On the drive in Friday, Tom flinched every time a branch scraped against Xena on Booger Hollow’s narrow and rhododendron-infested roads. So today, I got out the loppers to trim them back.
It was a three-hour chore. But the destructive beast inside me was growling with delight to be off the leash.
Loppers were unfamiliar to me until about five years ago. I learned that if you need to clear trails and roads in forest on a regular basis, loppers are your best friend.
You use them to lop off those pesky branches that get in your way. You can even cut down small trees with a decent pair of loppers. They are like pruning shears on steroids that have mated with handgun.
Because of the way loppers are designed and constructed, you don’t need a lot of strength to operate them. The cutting edge is powered by a kind of gear, which operates on the strength of the levered handles. (Don’t remember geometry? Here’s a refresher on how a lever works.)

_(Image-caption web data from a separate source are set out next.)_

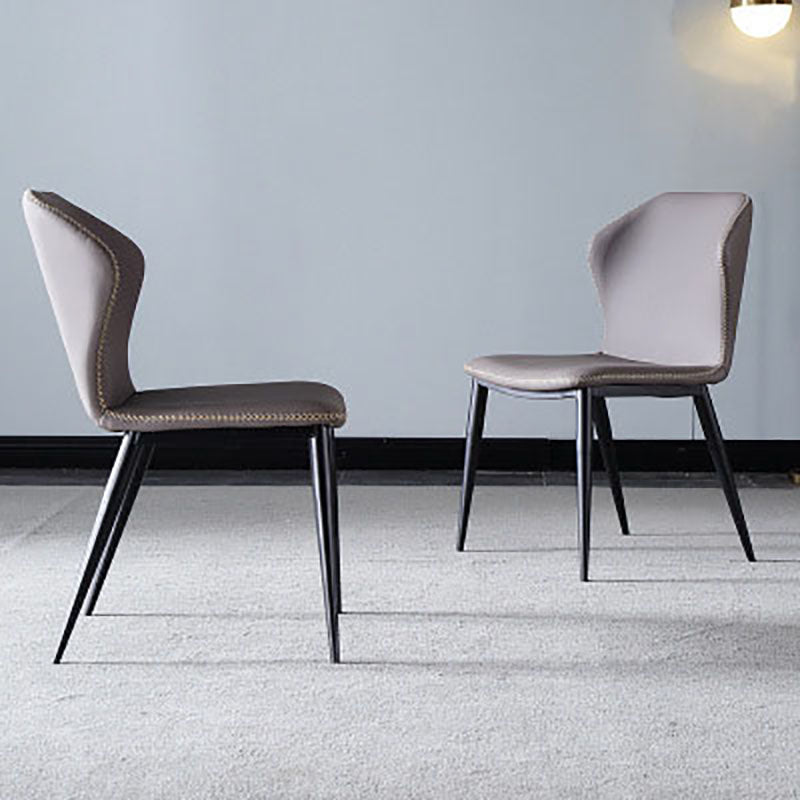 Sillas de comedor de cuero con respaldo de estilo industrial para el hogar (juego de 2)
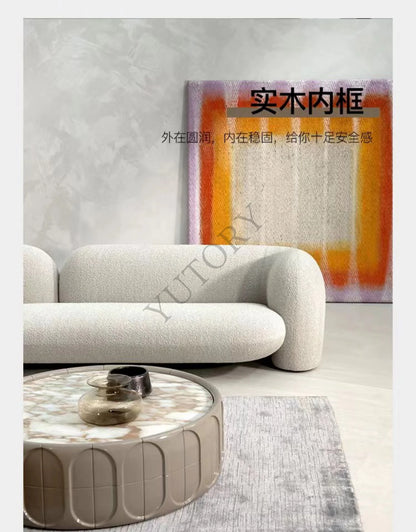 Italian minimalist double three-person small apartment living room sofa lambswool fabric leisure sofa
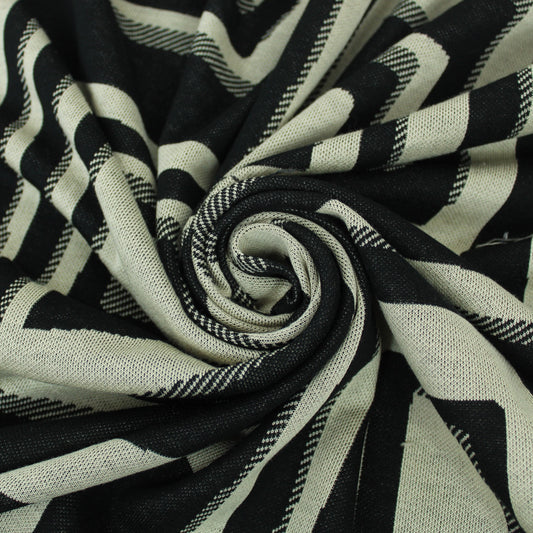 Tissu maille - imprimé géométrique - noir et beige - photo 1/4 | So Tissus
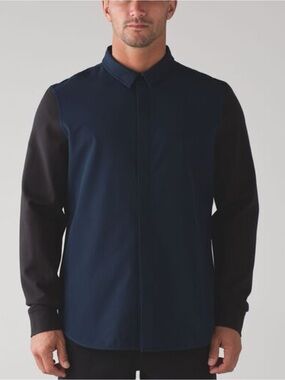 Lululemon Mainstay Hybrid Buttondown Sz XL In Nautical Navy/Black
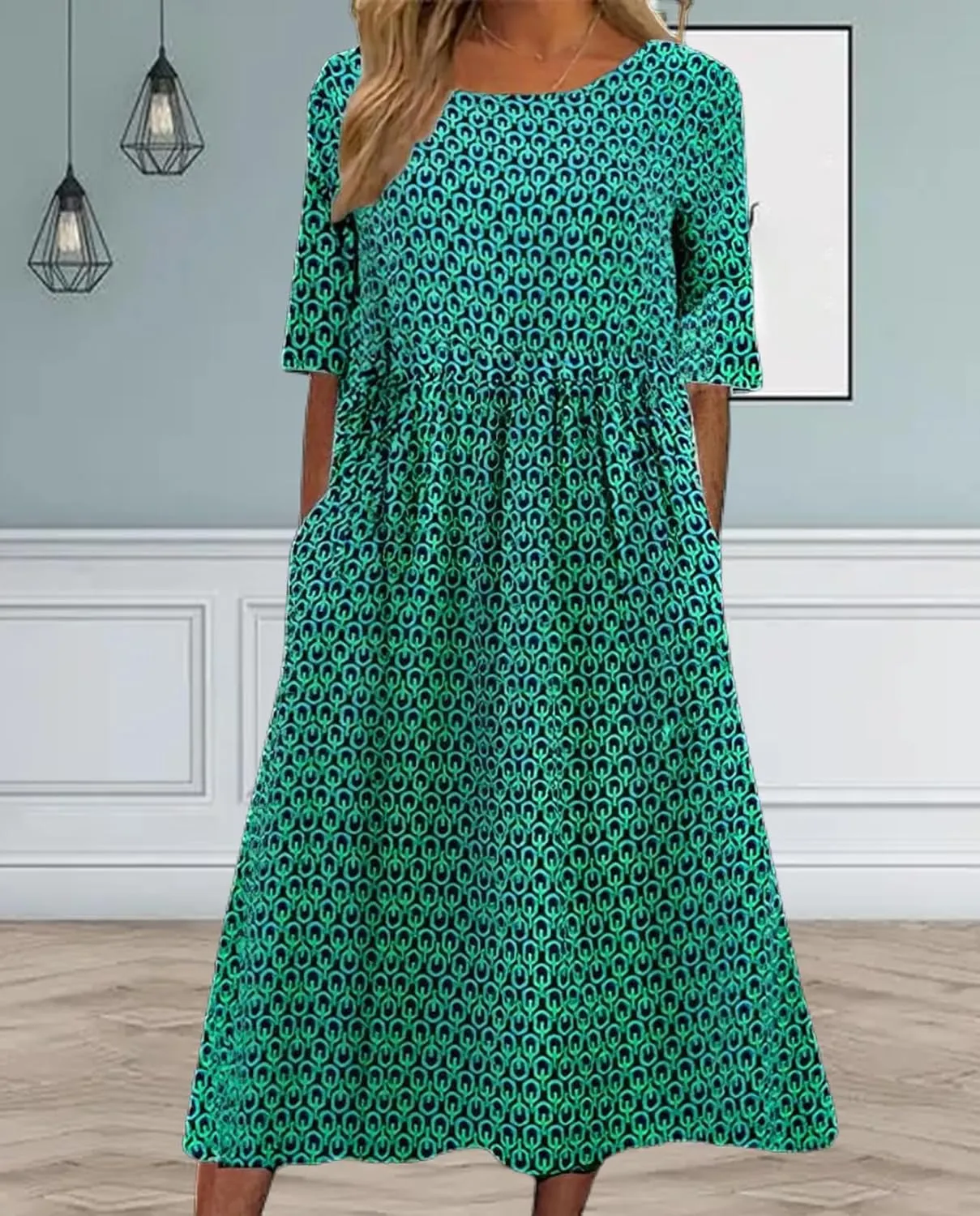 Boho Floral Maxi Dress for Womens Short Sleeve Summer Dresses Casual Loose A Line Elastic Pleated Dress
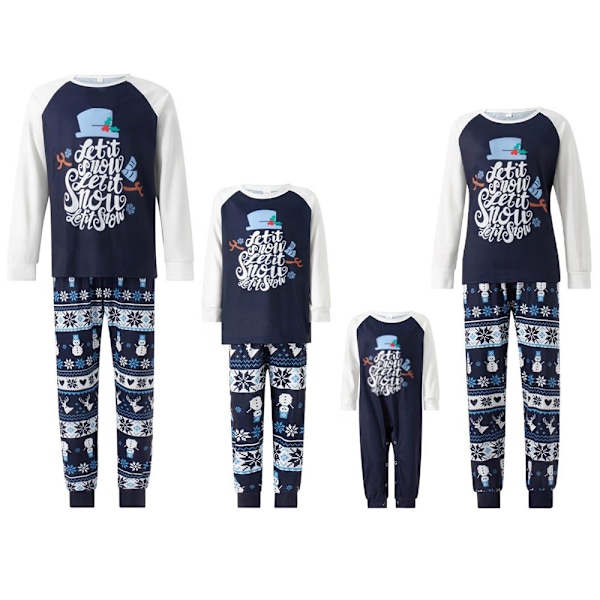 Matchande Familjejulpyjamas Set Kvinnor Män Barn PJs Långärmad Nattkläder Semester Lounge Set Kids-A 11-12Years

I love my loppers. Those things are amazing. And addicting.
When you can just snap off a healthy branch as thick as your finger in a half-second, you get a little power rush. And you do it again and again.
Last year we bought a bigger pair of loppers but I didn’t have the chance to put them to work. Today was the test.
Quickly learned that I could cut down a tree with a trunk as big around as my wrist. Somehow this is even more satisfying than a chainsaw, because you have the illusion that you are winning by your own power alone, not because you belong to a species that invented a gasoline-powered engine and a blade that runs a chain full of sharp little axes at high speed.
This is way better than breaking glass, because the branches can just decompose where they fall.
I cut, and cut, and cut, all the way down the quarter-mile Booger Hollow Road. Then I walked the road back and cut more along the way.
Wanton destruction. I snipped off and tossed branches aside without speaking to the plants. I muttered like some grizzled old-timer about Laurel Hell and nasty rhodies.
If a branch got too close to my head, I reached up with those loppers and just snapped it off. Raw power.
Makes you understand why barbers like to cut your hair too short.
Today’s penny is a 2015, the year I bought the new and bigger loppers.
I know that power. It’s addicting. It’s why Barb always supervises my lopping. But her supervision has saved our trees and shrubs from looking like they’d been in the barber’s chair too long!
I was unsupervised and in the woods with two loppers. Very, very dangerous.